**PROVIDED RECORDS**.
╭──

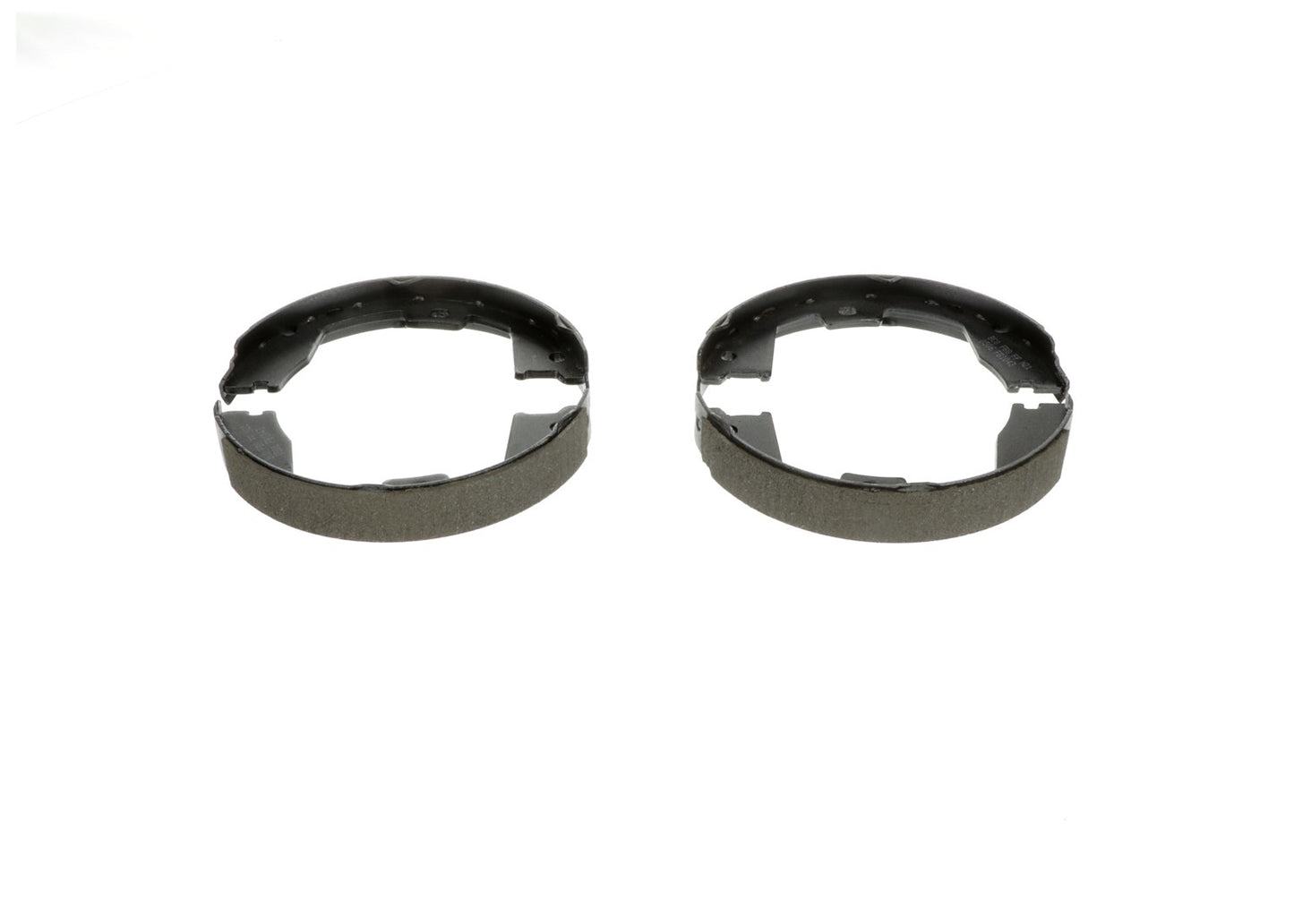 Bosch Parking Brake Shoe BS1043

╰──
╭──

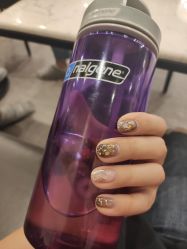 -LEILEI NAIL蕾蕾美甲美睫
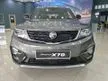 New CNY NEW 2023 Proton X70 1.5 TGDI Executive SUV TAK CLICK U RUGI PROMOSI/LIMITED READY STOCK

╰──

Output exactly the stretch of the listing that begins at the line containing "-LEILEI NAIL蕾蕾美甲美睫" and ends at the line containing "New CNY NEW", both kept. Omit pictures and everything else.

**TASK RESULT**.
 -LEILEI NAIL蕾蕾美甲美睫
 New CNY NEW 2023 Proton X70 1.5 TGDI Executive SUV TAK CLICK U RUGI PROMOSI/LIMITED READY STOCK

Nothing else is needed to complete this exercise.